La startup di mobilità sudanese Tirhal ha deciso, dopo lo scoppio della guerra, di ridurre le fee per chi la utilizza; in più gli autisti possono usarla gratis. Certo. Avrebbero potuto fare di più ma meglio di nulla.
Un approccio più operativo, in ambito di mobilità, viene daSudan Safe Passages, un gruppo di volontari ed emigrati sudanesi che hanno creato una app chiamata Amen. Il software una volta caricato su un cellulare permette di acquisire dati in tempo reale sulla disponibilità di percorsi sicuri e la disponibilità di posti letto in ospedale.
Le app che aiutano le persone in difficoltà, in momenti di crisi, emergenze e guerre
Il caso delle app sudanesi autoctone non è isolato. La crescente complessità del mondo, l’affacciarsi di crisi generate dall’uomo (guerre per lo più o carestie) e dalla natura, portano una crescente parte della popolazione mondiale a dover gestire scenari estremi.
La penetrazione del mondo digitale nella vita di tutti i giorni permette di poter far leva sulla disponibilità di reti e cellulari per alleviare, specialmente a inizio crisi, i problemi dei cittadini colpiti da una tragedia. Ovviamente non si dimentichi che queste app, se valorizzate in chiave di Big Data possono divenire, sul medio termine, anche opportunità per estrarre valore e dati dagli utenti, nella miglior tradizione di internet che recita “non ci sono pasti gratis: se una cosa è gratis la paghi in natura”. Tra le altre app che meritano una menzione possiamo ricordarne alcune che hanno già evoluto modelli di business e approcci diffusi.

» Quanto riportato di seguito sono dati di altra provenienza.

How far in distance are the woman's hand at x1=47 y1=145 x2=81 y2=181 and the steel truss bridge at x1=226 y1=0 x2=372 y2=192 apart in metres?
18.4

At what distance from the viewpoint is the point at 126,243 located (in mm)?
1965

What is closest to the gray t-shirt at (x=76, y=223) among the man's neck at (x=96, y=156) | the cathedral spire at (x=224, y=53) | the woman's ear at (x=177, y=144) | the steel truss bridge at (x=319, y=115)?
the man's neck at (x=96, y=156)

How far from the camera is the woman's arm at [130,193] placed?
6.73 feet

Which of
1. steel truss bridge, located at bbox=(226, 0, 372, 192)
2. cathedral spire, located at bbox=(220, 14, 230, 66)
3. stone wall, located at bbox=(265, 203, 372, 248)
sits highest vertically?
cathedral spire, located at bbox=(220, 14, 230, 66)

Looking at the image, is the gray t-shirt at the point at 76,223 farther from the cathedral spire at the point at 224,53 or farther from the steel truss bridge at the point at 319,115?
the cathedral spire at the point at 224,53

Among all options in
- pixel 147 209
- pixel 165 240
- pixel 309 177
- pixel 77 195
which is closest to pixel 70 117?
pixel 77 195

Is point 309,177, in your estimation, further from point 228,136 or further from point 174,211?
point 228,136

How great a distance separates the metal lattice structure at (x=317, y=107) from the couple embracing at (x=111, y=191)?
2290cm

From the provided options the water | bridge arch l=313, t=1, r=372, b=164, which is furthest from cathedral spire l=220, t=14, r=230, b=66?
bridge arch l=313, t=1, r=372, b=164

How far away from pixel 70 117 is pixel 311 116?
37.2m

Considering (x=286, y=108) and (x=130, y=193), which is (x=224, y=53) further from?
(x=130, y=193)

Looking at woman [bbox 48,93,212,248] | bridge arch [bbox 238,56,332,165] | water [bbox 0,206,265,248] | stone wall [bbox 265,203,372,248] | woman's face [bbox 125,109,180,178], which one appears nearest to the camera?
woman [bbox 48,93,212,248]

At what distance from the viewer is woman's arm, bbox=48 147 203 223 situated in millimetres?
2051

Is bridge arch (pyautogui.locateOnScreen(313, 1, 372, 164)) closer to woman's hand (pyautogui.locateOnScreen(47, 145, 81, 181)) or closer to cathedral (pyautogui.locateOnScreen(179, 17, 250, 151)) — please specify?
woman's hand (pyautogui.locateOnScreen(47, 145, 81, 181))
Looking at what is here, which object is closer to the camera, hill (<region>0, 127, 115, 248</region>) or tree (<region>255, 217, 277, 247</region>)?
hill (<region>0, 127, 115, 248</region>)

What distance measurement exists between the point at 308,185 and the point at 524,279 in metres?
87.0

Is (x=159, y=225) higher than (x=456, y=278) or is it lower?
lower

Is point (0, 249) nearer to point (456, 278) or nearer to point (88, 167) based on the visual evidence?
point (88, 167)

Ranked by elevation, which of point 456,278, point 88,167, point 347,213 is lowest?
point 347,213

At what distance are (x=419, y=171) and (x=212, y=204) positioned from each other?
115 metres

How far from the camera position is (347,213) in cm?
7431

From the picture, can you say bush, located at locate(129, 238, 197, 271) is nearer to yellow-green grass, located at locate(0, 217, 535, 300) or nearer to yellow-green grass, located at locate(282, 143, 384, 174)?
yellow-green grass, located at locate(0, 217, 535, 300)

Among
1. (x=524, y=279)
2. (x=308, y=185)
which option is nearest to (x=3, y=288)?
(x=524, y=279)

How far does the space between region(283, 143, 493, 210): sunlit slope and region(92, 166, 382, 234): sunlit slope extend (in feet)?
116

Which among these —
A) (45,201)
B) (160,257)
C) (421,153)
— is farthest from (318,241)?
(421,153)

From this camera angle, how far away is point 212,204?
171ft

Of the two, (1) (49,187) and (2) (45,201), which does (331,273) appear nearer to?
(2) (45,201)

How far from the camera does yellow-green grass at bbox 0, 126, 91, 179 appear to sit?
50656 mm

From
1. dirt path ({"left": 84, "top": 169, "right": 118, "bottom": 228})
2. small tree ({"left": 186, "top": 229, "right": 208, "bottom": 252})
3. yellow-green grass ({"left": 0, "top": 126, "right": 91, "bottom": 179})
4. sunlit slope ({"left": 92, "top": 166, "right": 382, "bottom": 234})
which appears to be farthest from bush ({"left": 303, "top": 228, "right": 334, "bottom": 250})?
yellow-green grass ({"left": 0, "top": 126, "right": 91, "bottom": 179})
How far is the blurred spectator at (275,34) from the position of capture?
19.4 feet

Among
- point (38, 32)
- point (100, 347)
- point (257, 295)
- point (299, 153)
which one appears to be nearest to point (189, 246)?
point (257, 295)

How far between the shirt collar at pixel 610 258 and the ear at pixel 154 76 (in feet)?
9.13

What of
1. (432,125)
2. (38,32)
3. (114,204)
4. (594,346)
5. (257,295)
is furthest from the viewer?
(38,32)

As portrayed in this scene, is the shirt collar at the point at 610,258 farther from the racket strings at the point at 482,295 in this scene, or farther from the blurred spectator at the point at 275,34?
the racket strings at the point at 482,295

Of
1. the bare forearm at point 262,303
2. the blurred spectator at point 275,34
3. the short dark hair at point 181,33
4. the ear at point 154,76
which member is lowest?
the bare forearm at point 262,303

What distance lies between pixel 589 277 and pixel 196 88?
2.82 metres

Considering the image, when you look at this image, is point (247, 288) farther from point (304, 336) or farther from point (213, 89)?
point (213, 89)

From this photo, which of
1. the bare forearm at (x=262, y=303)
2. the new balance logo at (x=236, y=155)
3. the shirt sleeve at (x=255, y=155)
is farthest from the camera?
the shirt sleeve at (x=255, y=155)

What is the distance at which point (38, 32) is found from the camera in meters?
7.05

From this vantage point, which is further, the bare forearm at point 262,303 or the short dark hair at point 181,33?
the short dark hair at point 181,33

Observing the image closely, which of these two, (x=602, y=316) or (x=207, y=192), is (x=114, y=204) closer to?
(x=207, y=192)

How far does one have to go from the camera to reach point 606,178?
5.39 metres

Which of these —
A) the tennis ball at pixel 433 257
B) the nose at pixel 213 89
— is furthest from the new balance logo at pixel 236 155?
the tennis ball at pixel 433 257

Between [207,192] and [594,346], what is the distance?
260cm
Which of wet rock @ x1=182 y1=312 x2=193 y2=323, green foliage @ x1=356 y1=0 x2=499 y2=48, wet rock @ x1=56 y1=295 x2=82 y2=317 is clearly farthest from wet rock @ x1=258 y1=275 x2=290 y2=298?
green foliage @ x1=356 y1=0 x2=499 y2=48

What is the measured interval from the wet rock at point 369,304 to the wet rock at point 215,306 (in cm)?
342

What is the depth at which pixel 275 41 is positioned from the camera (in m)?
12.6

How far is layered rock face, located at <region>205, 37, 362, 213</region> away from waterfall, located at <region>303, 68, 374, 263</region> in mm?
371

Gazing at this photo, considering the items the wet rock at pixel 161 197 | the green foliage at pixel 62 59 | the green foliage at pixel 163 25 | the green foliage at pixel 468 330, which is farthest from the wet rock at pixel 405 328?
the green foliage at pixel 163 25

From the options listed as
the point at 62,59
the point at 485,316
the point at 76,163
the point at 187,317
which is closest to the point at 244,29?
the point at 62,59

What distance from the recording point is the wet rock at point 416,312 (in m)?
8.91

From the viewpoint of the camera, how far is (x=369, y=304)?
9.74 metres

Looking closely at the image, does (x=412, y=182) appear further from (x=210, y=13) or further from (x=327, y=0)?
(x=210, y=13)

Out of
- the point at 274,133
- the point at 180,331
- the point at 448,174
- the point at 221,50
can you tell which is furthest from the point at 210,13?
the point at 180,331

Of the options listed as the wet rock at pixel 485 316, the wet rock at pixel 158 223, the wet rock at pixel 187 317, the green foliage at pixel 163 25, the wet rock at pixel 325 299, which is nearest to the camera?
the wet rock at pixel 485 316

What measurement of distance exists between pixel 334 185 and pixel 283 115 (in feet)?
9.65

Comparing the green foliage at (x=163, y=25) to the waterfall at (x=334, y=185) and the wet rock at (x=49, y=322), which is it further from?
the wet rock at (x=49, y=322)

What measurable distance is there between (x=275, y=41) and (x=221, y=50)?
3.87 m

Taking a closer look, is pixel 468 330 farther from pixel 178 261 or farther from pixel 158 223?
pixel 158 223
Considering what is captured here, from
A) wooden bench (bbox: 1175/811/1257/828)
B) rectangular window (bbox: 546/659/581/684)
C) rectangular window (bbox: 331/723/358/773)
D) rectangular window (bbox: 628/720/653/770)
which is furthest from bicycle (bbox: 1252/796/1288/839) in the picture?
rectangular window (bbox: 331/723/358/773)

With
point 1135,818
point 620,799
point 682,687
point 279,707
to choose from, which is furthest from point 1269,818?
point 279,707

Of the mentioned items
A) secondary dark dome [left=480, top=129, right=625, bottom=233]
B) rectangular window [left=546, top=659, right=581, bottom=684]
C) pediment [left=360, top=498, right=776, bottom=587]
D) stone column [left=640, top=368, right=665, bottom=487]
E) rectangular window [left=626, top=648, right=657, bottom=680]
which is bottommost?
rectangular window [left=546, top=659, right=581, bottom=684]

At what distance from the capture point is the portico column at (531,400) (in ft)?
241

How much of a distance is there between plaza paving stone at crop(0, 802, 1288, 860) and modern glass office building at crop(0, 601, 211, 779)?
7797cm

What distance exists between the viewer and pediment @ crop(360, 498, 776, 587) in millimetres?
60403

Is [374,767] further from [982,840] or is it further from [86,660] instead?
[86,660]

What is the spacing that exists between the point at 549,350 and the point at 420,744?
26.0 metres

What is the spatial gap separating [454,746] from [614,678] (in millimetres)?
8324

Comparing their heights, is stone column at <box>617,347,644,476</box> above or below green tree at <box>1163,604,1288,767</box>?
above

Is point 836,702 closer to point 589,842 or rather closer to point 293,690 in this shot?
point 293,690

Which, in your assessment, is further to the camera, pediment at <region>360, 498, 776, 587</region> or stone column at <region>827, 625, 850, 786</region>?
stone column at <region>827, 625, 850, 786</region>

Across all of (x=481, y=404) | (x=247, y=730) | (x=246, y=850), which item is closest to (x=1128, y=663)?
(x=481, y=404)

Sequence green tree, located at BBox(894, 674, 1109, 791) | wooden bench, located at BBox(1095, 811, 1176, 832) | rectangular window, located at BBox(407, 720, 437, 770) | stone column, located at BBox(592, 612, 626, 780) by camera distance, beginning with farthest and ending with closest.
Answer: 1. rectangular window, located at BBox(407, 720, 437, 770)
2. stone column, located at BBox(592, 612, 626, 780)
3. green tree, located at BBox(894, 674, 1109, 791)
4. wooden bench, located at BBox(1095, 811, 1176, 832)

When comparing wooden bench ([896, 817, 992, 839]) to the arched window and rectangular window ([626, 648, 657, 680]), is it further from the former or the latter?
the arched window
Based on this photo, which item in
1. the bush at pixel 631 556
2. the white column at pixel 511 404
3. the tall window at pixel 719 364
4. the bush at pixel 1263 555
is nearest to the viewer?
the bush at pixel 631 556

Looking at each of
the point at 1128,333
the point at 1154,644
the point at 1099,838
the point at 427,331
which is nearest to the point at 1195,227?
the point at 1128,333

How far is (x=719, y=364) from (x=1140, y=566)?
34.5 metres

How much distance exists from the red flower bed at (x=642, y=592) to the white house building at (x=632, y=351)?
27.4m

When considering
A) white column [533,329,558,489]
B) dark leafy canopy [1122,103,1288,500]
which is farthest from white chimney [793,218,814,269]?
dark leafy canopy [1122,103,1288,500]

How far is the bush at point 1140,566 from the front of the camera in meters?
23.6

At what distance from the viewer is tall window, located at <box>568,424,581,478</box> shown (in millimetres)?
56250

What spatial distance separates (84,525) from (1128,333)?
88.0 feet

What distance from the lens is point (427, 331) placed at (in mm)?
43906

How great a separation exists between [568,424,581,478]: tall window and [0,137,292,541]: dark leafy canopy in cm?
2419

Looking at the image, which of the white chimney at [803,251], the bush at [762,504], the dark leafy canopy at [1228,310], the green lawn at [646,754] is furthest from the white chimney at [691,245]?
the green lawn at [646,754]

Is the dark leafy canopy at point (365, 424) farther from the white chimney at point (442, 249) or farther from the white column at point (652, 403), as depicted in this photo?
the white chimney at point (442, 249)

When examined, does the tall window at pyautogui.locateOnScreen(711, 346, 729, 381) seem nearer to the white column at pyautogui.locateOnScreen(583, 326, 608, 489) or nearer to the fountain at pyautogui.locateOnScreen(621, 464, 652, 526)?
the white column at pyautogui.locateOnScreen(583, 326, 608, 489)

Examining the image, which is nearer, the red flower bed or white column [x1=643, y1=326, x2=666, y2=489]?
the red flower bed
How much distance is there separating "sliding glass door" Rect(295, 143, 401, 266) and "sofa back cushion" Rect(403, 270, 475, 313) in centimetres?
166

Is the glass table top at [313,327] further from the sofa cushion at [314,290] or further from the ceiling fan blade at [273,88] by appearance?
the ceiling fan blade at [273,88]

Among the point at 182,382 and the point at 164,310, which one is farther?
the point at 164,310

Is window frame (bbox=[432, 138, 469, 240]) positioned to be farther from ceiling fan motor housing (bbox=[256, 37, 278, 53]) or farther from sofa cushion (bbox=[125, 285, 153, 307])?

What3Words è una app di geocodifica. In occidente è un gioco divertente ma è in scenari di crisi che si rivela utile: si possono identificare aree specifiche di 3 metri per 3 grazie ad un singolo nome. In pratica la app traduce in nomi la localizzazione geospaziale di un individuo o una specifica area circoscritta. Disponibile in 12 lingue è uno strumento ideale in caso di tragedie per comunicare la propria posizione in modo veloce anche al telefono, in caso non vi fosse la possibilità di geolocalizzarsi tramite banda larga / Wi-Fi.
My Plan è un’app che educa le donne a comprendere scenari di violenza domestica e abusi sessuali. A questa prima linea di servizi si aggiungono la capacità di comunicare con le reti locali di emergenza. Utile nelle tragedie in cui, brutto a dirsi, spesso si registrano violenze a beni e individui deboli da parte di approfittatori o vandali che, valorizzando il disordine temporaneo, cercano di sfruttare ogni situazione.
No Food Waste è una app nata e diffusa in India e Pakistan. Permette a ristoratori, scuole e altri prodotti di rimanenza alimentari di segnalare il cibo avanzato, in questo modo dei volontari possono recuperare e redistribuirlo ap più poveri. Tuttavia, in caso di emergenza questa app può essere un ulteriore supporto per raccogliere cibo in caso di alluvioni o altri eventi climatici estremi che possono colpire quelle aree.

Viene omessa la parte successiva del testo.